We can set the inputs A,B,C,D to specific values, and the multiplexer will act as a logic function, with S1 and S0 being the inputs. For example, to get a NAND we set A=1, B=1, C=1, D=0. And since we know that the NAND is a universal gate, this means the multiplexer is also a universal gate. And thinking a bit further we realize that everything that can be used as a switch can be used to create logic gates. A transistor? Check. A relay? Check. A conditional branch instruction? Check.

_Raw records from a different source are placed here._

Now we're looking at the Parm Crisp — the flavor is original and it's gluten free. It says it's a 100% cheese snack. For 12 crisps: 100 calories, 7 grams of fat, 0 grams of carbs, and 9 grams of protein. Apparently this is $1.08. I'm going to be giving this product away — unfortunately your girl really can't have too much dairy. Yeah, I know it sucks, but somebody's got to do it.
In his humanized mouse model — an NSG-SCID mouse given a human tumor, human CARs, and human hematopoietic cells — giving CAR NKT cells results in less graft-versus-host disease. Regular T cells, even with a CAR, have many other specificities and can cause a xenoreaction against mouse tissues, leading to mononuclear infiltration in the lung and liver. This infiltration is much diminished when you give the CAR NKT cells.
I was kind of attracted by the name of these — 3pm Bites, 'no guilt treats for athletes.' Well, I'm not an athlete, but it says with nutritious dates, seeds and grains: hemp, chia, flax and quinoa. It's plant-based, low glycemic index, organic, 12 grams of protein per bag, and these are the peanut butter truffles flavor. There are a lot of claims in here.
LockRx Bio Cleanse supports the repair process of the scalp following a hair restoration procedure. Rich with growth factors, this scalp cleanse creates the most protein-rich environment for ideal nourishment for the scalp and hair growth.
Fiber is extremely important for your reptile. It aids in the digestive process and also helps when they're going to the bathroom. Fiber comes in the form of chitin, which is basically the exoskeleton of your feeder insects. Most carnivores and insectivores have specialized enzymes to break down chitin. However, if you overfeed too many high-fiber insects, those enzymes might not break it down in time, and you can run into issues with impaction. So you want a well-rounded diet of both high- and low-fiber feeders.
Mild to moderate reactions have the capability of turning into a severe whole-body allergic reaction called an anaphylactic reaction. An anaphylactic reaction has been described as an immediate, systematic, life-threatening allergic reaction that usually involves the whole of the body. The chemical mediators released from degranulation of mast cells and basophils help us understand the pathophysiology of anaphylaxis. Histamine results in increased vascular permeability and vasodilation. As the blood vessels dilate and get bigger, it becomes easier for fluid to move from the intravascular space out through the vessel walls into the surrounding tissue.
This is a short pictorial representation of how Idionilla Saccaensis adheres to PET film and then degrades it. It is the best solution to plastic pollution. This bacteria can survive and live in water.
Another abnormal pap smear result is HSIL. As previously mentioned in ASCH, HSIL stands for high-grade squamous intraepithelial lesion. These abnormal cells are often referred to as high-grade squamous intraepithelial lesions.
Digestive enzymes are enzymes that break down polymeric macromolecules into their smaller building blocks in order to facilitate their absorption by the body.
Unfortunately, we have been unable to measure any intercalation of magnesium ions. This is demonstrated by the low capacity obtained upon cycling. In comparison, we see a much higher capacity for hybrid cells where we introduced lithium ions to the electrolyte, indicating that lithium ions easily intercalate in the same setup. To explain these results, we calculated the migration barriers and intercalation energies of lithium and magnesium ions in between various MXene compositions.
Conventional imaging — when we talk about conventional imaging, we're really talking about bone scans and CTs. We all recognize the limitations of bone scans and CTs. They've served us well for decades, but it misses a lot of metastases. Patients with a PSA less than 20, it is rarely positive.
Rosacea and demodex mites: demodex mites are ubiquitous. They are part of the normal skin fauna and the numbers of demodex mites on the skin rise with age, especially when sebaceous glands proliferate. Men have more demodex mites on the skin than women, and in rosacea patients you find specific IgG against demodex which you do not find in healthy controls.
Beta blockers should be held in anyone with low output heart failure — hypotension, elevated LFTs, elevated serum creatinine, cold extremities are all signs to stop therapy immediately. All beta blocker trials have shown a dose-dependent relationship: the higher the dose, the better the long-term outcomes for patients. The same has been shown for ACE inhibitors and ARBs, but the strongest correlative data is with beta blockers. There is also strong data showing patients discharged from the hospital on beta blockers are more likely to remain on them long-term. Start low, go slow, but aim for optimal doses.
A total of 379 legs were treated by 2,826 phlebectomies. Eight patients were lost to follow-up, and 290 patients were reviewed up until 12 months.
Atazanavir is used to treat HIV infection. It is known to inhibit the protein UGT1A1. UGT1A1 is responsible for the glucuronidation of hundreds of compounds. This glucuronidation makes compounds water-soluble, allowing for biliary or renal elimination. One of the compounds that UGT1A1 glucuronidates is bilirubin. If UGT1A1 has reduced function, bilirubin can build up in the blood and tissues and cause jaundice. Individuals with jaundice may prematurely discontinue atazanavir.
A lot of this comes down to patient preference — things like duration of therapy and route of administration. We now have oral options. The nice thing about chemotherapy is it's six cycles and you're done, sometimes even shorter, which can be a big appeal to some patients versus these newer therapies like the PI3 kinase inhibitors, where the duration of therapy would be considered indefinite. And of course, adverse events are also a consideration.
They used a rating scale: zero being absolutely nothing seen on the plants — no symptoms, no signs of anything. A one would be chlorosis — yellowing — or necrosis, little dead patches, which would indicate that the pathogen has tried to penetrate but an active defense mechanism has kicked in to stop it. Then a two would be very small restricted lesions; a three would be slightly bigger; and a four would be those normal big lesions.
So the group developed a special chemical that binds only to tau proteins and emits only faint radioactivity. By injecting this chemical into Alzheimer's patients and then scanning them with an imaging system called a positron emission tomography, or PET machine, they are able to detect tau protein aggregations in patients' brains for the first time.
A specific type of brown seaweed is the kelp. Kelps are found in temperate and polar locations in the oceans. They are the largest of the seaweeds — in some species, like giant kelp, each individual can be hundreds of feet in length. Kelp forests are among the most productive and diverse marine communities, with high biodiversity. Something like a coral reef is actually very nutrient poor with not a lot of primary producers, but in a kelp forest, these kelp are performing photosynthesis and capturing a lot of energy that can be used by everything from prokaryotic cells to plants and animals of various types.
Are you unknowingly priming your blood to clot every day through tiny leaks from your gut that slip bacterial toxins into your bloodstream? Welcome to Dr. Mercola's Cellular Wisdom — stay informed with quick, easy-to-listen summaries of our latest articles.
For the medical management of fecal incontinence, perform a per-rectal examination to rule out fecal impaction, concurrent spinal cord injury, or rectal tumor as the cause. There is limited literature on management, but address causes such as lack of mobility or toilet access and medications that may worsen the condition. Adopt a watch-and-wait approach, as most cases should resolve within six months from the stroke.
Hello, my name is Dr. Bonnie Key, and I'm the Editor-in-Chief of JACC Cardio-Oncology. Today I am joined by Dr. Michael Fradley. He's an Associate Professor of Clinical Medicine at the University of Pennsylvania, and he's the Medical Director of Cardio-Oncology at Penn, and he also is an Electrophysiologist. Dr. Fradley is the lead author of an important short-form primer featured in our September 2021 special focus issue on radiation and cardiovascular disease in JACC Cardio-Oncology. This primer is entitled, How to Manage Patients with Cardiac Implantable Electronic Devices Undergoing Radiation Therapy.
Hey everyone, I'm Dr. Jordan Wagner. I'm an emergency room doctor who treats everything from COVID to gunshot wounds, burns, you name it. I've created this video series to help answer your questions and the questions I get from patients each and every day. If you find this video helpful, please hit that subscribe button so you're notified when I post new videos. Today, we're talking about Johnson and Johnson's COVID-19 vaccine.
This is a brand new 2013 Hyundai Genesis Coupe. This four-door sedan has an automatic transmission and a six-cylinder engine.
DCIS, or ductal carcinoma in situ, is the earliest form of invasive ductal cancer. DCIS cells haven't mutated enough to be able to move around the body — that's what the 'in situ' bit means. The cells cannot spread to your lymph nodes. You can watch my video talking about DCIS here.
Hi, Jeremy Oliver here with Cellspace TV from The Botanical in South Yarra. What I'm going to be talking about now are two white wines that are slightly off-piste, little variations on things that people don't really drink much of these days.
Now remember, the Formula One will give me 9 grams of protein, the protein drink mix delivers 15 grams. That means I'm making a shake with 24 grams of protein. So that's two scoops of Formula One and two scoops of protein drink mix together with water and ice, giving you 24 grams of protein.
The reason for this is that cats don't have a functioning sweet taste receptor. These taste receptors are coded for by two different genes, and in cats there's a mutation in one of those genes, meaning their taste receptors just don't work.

But for now let’s introduce a new logic gate, the XOR. You can see the truth table in the table above, but it can be resumed as “true when A is different from B”. Or “eXclusive OR”, from its name, “A or B but not both”. Anyway, we just need to set A=0, B=1, C=1, D=0. But wait, how do we set the inputs to logical 0 and logical 1? In a real circuit this can be done using ground as 0 and the power supply as 1. We don’t have any ground or power pins, we would have to add them to every component. Either internally as a special component, or externally as one more input, trusting that they will always be 0 and 1. We could use a 0-input NAND, which always returns 0 in this implementation, but that would be too much even for me. This is a component-based simulator, so let’s create a dedicated component for that.

Now, how could we name it… `BitValue`? `LogicValue`? `ConstantBit`?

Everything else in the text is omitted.